Image credit: Manuel Bartual, Creative Commons Attribution 2.0 Generic license, via Wikimedia Commons

I didn’t choose horror as my religion.  I didn’t grow up Catholic like del Toro either.  I haven’t seen all of his movies, but he does evince a kind of religious devotion to his monsters.  Pan’s Labyrinth was distinctly disturbing.  Pacific Rim was intense.  Crimson Peak is one it’s about time I watched again.  The Shape of Water offered a lovable monster.  Many of these films don’t follow standard horror tropes.  They’re thoughtful, emotive, and often wrenching.  These are, of course, traits shared in common with religion.  I suspect my own attempts to articulate this would benefit from conversation with someone like del Toro.  There’s no doubt that monsters give me the sense of Rudolf Otto’s mysterium tremendum et fascinans.

Religion and horror share a common ancestor.  Fear is an emotion that we apparently share with all sentient beings.  How we deal with it differs.  While a bunny will run away a rattlesnake will strike.  Horror is a way of dealing with fear.  So is religion.  We can’t avoid fear because, honestly, there’s much to be afraid of.  Many choose to believe their clergy, taught by people like me, and assume religion has all the answers.  Others, like del Toro, seek wisdom elsewhere.  When the credits roll at the end, you know it was all just a show.  When you walk out of the church, synagogue, or mosque, you know daily life awaits with its peaks and valleys.  Some may substitute one for the other, while others require the support of both.  And both, as odd as it may seem, can be addressed with conviction.  If you don’t believe me, just ask Guillermo del Toro.


Welcome to the Labyrinth

Do anything long enough and you’ll produce a labyrinth.  I started this blog back in 2009 with the idea of perhaps continuing in the biblical studies/ancient Near East (actually west Asia) studies, where I began.  I always knew this would be a place to talk about books and movies and sometimes current events.  Often it would address American religion because, well, it’s so bizarre.  Over the years the blog has ranged pretty widely.  My interests are fairly diverse and I tend to get obsessed with a subject for some time and then move on.  I suspect that’s one reason followers are few.  People want the same thing—should I dedicate the site to horror films, religion, or social justice?  The weather?  Instead, it’s what catches my interest at the moment.  Thus the labyrinth.

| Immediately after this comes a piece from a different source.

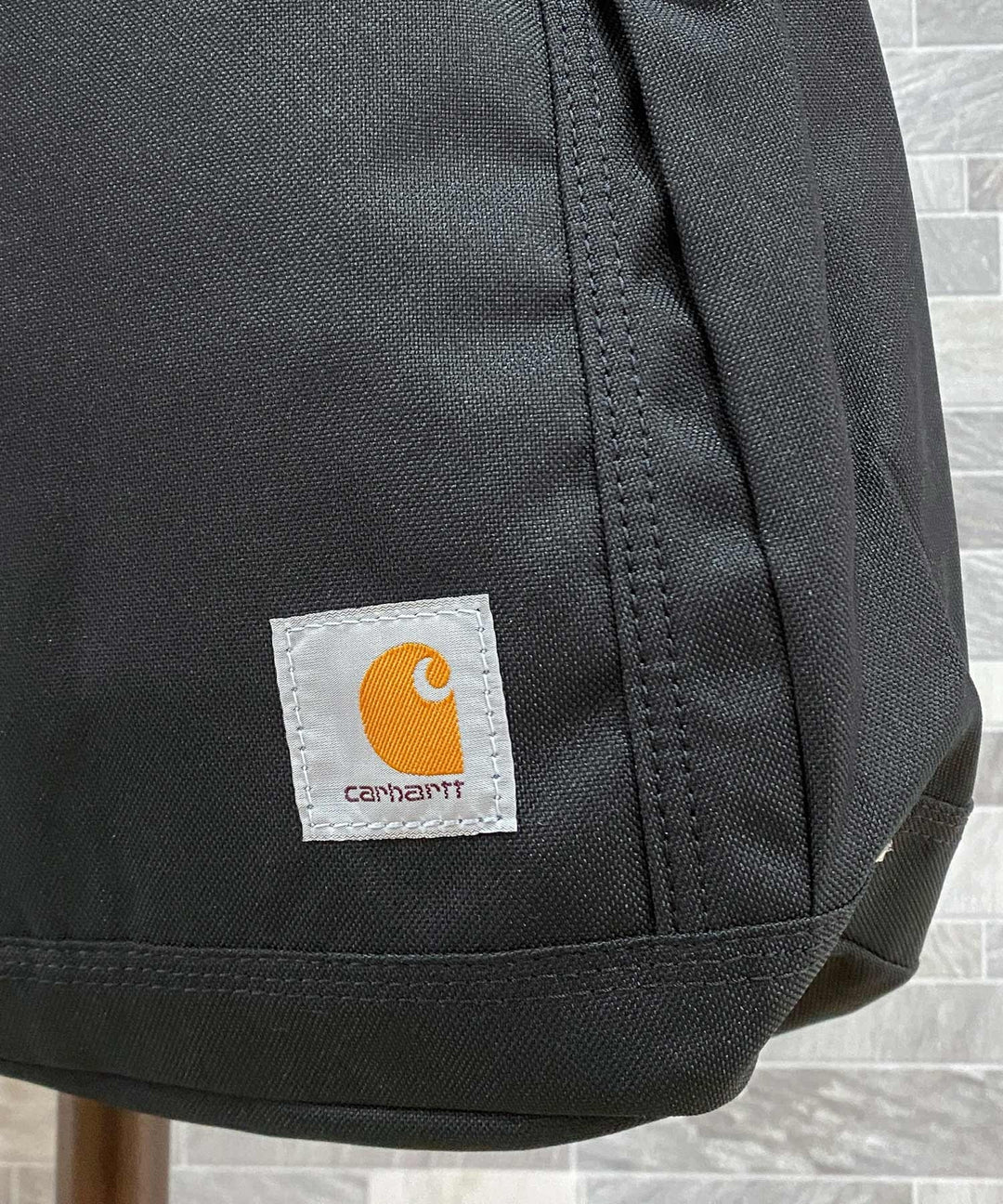 CARHARTT カーハート モノ スリング ボディバッグ Amazon.co.jp: Carhartt Mono Sling Backpack, Carhartt Brown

On the rare occasion when someone actually comments on an older post this blog (there was a healthy chain about the Highgate Vampire some years back), I often have to ask myself, “Did I write about that?” “What did I say about it?”   The human mind is a labyrinth.  And life is too short to ever stop learning.  Even if it means that few will be interested in what you’re doing.  The few who’ve known me a long time and read this blog (I know who you are), might be surprised at the horror themes that have become pronounced.  These were, however, part of my childhood.  When I tried to get away from them, they pursued me.  Monsters are like that, of course.  They like to hide in labyrinths.

But labyrinths are contemplative spaces.  Contemporary spirituality has rediscovered labyrinths.  You walk them in intentional thought.  In the moment.  We might be able to forget for some time that the original labyrinth was built to house the minotaur.  And without Ariadne Theseus would’ve never survived.  When he left her on Naxos his actions spoke louder, much louder than his fight with the monster.  Labyrinths make you forget where you are.  One saved Danny Torrance.  And perhaps one might save your soul.  Those who make enough chairs, or write enough books, or design enough skyscrapers leave labyrinths behind.  Manhattan may be a grid, but it’s a labyrinth nevertheless.  It seems to be a part of every story.  The thing about labyrinths is that they have no one goal.  There is no single answer to this mystery.  When you begin making one you may not even realize it.  Until you stop to contemplate it.